I recently solved a problem with the following scenario. A circle has equation $x^2 + y^2 - ax - by = 0$ with $b \neq 0$. Two chords from the point $A(a,b)$ are such that they are bisected by the $x$-axis (i.e. $AX = XB$ and $AY = YC$ in the diagram).
As an extension to the problem, I wondered if it would be possible from this information alone to determine the area of the shaded portion of the diagram in terms of $a$ and $b$ (this wasn't related to the original problem that I solved, but I was curious). Somehow I feel as though there wouldn't be enough information, but if this is indeed the case could anyone suggest a piece of extra information that would allow me to determine the area?

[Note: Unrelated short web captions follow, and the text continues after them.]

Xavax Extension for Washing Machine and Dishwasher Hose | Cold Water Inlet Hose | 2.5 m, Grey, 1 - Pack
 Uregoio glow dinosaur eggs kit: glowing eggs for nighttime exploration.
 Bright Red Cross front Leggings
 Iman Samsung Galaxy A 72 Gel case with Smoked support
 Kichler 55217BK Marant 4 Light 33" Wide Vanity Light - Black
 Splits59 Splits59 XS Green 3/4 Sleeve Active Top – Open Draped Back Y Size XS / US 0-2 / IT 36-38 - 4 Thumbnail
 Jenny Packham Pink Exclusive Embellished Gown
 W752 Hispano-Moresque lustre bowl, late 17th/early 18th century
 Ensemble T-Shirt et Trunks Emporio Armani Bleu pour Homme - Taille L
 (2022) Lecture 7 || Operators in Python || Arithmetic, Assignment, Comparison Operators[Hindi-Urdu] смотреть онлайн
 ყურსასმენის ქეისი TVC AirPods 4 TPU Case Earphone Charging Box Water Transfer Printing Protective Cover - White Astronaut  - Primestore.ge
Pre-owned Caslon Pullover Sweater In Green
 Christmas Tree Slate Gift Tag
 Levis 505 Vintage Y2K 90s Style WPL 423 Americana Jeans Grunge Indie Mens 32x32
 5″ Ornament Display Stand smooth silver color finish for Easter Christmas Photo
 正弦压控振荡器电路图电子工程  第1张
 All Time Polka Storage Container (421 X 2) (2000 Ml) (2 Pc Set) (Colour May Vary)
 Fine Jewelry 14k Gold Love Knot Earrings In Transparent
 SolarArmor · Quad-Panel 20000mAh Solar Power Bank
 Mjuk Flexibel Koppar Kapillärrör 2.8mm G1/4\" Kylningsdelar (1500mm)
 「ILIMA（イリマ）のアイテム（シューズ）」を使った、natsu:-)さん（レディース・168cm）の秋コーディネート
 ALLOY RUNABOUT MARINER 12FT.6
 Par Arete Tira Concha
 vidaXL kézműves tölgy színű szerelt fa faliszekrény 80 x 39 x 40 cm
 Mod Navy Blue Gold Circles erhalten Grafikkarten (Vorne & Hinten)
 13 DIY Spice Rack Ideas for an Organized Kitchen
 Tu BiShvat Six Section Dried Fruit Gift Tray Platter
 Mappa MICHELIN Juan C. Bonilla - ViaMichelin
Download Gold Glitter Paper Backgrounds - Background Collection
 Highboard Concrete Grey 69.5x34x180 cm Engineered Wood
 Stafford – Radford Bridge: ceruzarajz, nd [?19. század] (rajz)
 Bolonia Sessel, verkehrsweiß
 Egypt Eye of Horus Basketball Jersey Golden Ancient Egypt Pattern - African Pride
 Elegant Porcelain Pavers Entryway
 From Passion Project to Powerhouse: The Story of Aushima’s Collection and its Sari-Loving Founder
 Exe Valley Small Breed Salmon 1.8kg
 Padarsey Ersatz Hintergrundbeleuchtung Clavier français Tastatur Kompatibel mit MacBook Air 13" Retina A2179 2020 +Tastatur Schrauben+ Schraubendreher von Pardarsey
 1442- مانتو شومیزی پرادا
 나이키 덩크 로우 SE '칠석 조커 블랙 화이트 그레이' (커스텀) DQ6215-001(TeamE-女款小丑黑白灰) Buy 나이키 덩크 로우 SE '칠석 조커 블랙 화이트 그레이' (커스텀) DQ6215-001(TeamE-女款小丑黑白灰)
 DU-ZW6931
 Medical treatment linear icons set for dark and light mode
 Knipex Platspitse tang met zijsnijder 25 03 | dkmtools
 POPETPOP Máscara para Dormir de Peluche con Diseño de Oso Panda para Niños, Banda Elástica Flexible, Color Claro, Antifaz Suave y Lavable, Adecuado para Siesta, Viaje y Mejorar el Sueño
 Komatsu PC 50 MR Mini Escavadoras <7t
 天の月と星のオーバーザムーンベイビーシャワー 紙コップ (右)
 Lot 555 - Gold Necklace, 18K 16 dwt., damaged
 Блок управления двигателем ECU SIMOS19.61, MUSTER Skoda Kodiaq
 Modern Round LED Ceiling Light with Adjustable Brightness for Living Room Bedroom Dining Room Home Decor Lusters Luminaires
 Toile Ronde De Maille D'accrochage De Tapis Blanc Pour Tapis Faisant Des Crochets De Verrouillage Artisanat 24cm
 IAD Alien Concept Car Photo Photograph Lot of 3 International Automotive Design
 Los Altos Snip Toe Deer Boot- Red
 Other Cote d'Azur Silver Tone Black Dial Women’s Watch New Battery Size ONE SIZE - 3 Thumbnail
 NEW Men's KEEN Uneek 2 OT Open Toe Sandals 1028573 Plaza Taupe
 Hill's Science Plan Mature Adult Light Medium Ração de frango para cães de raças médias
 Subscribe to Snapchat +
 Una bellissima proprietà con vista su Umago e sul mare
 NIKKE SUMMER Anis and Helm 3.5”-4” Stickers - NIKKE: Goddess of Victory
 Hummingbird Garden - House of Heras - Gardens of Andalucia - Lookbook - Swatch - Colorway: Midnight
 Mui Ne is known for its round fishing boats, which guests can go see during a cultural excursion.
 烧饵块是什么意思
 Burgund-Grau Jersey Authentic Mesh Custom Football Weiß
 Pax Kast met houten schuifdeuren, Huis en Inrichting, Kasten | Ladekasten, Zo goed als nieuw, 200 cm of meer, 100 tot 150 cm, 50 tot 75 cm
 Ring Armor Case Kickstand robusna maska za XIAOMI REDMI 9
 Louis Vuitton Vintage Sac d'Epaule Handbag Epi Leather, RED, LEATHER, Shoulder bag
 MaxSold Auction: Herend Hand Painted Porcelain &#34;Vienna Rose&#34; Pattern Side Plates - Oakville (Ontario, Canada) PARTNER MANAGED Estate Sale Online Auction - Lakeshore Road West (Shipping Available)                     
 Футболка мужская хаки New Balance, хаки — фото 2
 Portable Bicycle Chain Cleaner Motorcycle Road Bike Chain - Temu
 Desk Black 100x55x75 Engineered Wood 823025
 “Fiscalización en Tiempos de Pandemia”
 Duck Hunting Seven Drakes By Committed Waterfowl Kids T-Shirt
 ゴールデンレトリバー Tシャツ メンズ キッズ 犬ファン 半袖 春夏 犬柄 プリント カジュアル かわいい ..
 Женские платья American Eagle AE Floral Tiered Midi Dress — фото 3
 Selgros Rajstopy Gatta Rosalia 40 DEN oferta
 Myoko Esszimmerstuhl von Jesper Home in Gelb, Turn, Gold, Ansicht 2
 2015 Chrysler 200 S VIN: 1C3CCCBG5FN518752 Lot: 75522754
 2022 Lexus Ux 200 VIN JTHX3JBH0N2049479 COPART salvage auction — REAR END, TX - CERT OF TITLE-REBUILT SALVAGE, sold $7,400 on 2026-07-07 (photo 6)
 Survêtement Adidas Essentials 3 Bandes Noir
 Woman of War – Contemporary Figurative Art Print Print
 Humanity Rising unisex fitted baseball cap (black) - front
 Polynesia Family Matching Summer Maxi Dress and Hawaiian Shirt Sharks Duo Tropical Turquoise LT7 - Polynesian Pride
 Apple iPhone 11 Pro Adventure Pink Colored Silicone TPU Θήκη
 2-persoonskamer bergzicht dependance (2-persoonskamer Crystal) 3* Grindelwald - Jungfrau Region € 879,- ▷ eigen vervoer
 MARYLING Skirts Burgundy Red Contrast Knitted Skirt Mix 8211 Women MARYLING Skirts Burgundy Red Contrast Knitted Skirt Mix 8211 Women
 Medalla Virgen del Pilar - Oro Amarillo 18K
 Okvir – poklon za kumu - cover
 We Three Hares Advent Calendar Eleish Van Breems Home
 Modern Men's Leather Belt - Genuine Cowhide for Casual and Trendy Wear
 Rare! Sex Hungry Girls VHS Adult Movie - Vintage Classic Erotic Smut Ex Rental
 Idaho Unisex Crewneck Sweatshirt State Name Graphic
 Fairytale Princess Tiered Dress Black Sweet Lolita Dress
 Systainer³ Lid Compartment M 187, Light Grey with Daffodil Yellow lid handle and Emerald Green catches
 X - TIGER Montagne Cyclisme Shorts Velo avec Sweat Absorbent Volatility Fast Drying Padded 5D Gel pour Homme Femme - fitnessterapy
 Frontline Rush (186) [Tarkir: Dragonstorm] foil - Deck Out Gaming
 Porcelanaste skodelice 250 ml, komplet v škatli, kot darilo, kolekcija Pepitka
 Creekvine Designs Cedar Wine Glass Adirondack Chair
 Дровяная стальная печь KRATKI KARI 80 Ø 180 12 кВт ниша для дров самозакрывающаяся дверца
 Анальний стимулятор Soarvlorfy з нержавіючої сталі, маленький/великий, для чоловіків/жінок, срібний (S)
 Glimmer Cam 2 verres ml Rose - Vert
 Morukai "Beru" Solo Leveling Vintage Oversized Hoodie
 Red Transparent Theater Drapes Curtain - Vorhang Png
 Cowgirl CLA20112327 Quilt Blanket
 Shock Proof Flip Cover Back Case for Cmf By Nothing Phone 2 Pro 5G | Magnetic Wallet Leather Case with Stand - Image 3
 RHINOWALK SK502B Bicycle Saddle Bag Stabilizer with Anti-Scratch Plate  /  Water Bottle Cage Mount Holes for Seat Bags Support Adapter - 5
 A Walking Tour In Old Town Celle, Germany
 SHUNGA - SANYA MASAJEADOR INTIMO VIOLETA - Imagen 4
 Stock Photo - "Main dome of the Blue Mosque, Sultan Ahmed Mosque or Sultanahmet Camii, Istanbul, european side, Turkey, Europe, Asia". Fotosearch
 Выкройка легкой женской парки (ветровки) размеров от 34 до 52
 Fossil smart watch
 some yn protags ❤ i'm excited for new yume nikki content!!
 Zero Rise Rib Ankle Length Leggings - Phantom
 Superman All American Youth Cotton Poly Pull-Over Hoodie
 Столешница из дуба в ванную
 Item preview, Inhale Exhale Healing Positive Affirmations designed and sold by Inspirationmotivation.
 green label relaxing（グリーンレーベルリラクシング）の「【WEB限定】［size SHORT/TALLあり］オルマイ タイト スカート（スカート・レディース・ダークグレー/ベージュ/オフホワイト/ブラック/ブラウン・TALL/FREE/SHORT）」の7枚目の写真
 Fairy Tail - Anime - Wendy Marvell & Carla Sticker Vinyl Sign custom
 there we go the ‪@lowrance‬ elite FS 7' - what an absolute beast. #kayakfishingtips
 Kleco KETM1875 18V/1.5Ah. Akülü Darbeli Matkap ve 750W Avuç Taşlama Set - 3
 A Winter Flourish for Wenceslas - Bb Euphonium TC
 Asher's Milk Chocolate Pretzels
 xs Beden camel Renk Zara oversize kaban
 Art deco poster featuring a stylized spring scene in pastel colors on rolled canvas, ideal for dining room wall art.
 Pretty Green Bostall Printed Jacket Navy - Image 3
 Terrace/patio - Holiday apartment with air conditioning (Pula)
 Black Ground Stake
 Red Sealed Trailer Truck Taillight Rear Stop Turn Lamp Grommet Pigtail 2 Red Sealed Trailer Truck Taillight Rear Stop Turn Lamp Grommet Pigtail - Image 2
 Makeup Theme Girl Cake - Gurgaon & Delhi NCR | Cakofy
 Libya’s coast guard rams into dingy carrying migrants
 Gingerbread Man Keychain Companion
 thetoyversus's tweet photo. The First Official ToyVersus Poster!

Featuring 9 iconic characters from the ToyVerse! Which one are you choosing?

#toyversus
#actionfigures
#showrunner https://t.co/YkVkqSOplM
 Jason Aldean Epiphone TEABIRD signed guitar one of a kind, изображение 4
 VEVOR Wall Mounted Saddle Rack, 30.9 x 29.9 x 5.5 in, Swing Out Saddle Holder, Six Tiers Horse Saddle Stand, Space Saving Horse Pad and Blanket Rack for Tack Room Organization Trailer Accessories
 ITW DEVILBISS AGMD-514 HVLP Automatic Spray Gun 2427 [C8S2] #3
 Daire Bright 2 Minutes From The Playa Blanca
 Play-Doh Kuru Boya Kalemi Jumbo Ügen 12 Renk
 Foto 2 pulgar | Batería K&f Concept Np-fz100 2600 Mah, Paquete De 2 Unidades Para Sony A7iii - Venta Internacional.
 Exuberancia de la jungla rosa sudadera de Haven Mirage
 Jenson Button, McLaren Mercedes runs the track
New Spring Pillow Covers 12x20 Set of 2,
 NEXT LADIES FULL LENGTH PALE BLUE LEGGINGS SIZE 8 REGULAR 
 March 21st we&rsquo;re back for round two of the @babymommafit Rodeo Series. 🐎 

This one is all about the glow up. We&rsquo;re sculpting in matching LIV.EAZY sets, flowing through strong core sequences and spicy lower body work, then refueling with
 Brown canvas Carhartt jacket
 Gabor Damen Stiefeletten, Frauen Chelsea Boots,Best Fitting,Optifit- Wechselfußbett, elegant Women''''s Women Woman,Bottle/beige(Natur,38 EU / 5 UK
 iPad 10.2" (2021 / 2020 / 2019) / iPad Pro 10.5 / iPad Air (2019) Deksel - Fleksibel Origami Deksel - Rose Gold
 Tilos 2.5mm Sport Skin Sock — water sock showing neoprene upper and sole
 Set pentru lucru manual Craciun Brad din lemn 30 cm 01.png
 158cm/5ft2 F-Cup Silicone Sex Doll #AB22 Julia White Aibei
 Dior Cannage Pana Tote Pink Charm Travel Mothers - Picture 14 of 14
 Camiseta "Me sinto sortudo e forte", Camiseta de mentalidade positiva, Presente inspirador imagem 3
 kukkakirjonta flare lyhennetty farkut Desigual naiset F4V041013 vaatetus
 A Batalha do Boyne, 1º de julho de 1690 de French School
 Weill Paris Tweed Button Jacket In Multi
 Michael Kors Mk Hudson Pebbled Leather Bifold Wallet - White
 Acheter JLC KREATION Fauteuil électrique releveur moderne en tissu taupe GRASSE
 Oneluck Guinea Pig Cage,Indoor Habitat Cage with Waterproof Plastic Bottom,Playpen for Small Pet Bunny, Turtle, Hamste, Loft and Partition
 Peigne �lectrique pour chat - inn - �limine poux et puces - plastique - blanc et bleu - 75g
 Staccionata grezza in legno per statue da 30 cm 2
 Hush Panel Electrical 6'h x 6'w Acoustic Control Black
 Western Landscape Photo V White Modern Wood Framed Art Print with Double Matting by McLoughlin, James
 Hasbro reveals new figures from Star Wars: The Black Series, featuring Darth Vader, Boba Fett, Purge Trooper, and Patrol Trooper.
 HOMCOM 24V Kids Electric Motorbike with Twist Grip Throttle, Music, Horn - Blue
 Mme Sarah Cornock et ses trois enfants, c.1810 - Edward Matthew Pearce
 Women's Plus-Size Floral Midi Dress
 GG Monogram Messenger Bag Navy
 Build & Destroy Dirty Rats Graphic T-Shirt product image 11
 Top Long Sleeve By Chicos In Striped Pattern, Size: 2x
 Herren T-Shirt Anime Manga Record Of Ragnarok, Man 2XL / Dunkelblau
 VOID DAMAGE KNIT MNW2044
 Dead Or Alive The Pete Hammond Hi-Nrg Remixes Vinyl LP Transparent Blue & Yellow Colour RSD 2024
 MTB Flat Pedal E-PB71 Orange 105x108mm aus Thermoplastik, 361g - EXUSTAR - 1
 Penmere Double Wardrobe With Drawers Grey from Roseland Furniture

Elaborating on Dhanvi's answer, the abscissae of the mid-points of $AB$ and $AC$ are given by the quadratic:
$$ 2x^2 - 3ax + (a^2 + b^2) = 0. $$
Let the roots of the equation be $x_1$ and $x_2$. Then,
$$ |x_1 - x_2| = \sqrt{(x_1 + x_2)^2 - 4x_1x_2} = \frac{\sqrt{a^2 - 8b^2}}{2}. $$
Let the centre of the circle be $C_1(a/2, b/2)$. Then, $C_1C = C_1B = r = \frac{\sqrt{a^2 + b^2}}{2}$. Now, the points B and C happen to be $B(2x_1 - a, -b)$ and $C(2x_2 - a, -b)$. Notice that both of their ordinates are equal. Hence,
$$ BC = 2|x_1-x_2| = \sqrt{a^2 - 8b^2}. $$
Let the angle between $C_1C$ and $C_1B$ be $\theta$. Then, $r \sin(\theta/2) = BC/2$. Thus,
$$ \theta = 2 \sin^{-1} \left ( \frac{BC}{2r} \right ). $$
Now we are ready to find the area of the shaded region as follows:
$$ \Delta = [\Delta ABC] + [\textrm{sector } C_1BC] - [\Delta C_1BC] \\ \implies \Delta = {1 \over 2} BC \times 2|b| + r^2 \theta - {1 \over 2} BC \sqrt{r^2 - (BC/2)^2}. $$
Where $[\textrm{fig}]$ is the area of a figure. The final answer is:
$$ \Delta = {|b|\sqrt{a^2 - 8b^2} \over 4} + {a^2 + b^2 \over 2} \sin^{-1} \sqrt{ a^2 - 8b^2 \over {a^2+b^2}} $$